**Given records:**

########

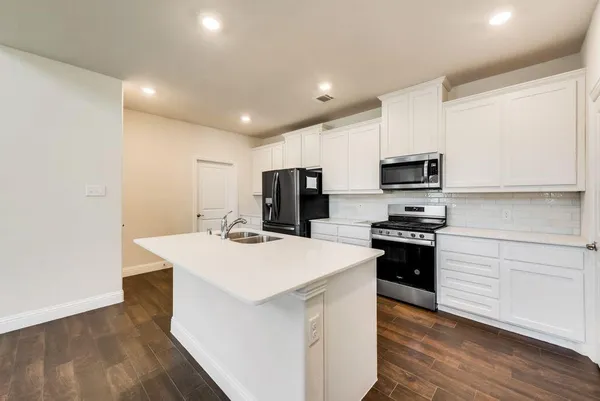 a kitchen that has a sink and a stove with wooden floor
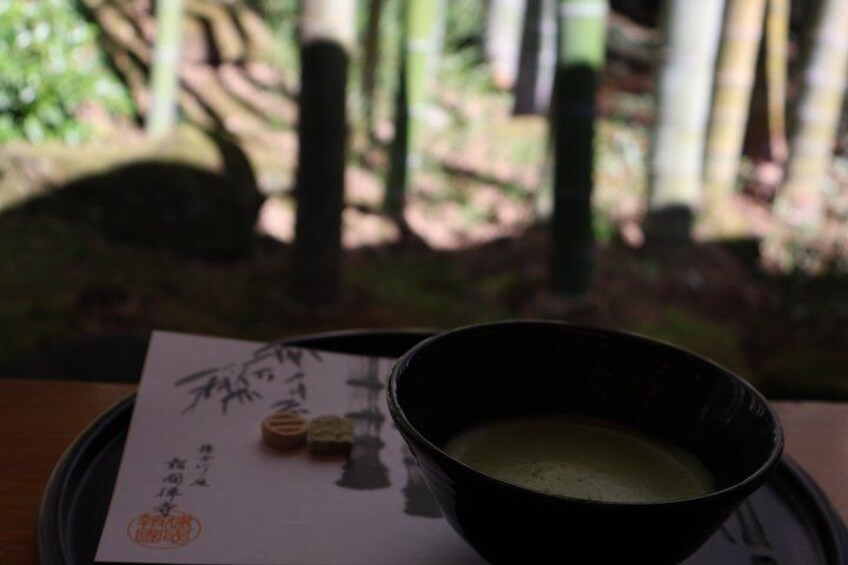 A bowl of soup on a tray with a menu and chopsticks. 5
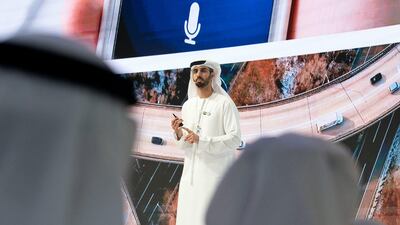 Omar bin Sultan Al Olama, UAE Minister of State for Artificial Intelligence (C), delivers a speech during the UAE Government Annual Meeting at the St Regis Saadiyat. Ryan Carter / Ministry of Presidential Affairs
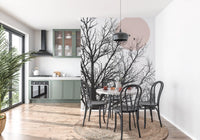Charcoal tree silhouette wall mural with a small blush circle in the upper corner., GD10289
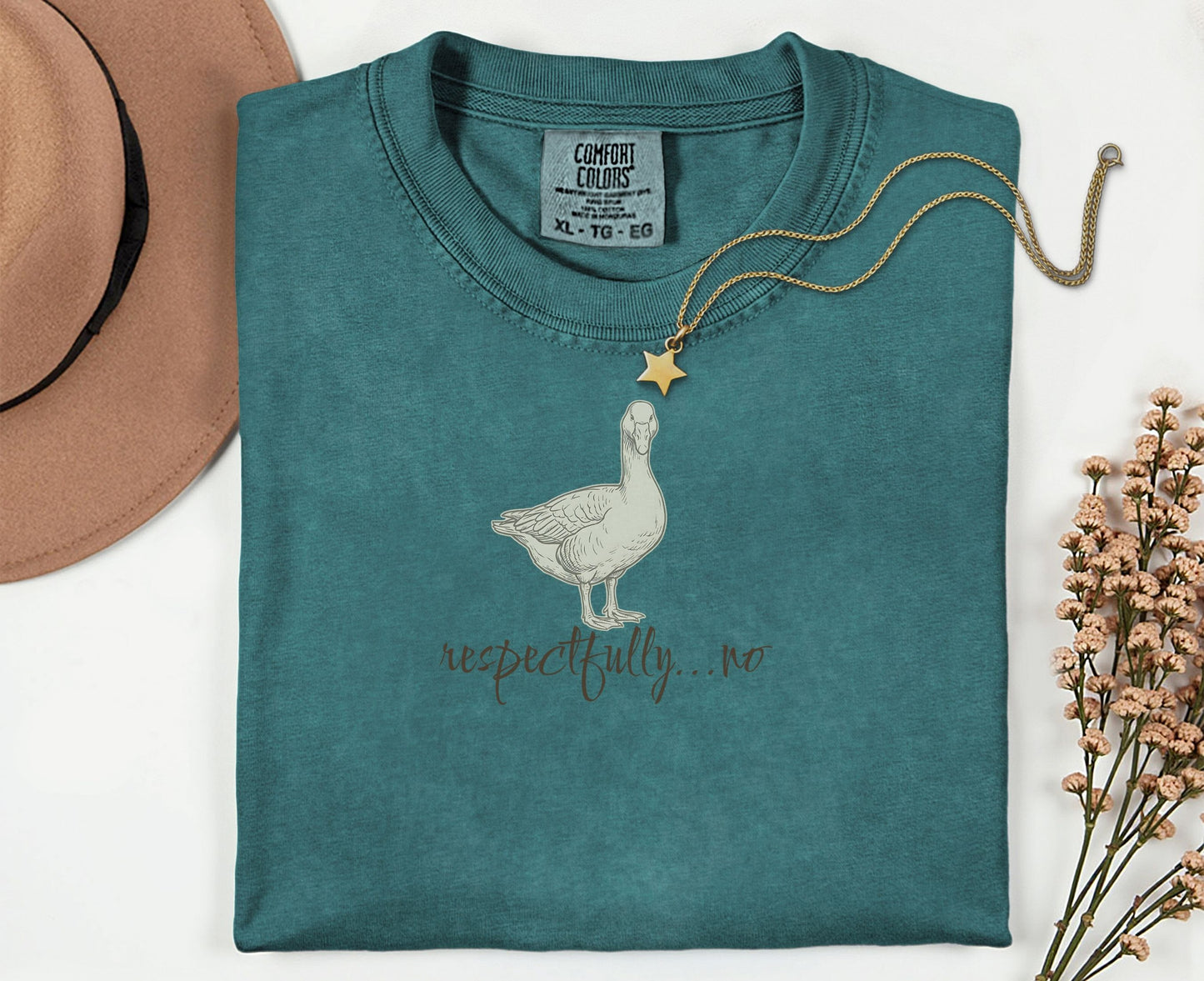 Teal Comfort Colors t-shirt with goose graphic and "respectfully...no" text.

########

**Work item:**
Your copy should hold every record word for word and none of the pictures.

**Result of the task:**
 a kitchen that has a sink and a stove with wooden floor
 A bowl of soup on a tray with a menu and chopsticks. 5
 Omar bin Sultan Al Olama, UAE Minister of State for Artificial Intelligence (C), delivers a speech during the UAE Government Annual Meeting at the St Regis Saadiyat. Ryan Carter / Ministry of Presidential Affairs
Charcoal tree silhouette wall mural with a small blush circle in the upper corner., GD10289
 Teal Comfort Colors t-shirt with goose graphic and "respectfully...no" text.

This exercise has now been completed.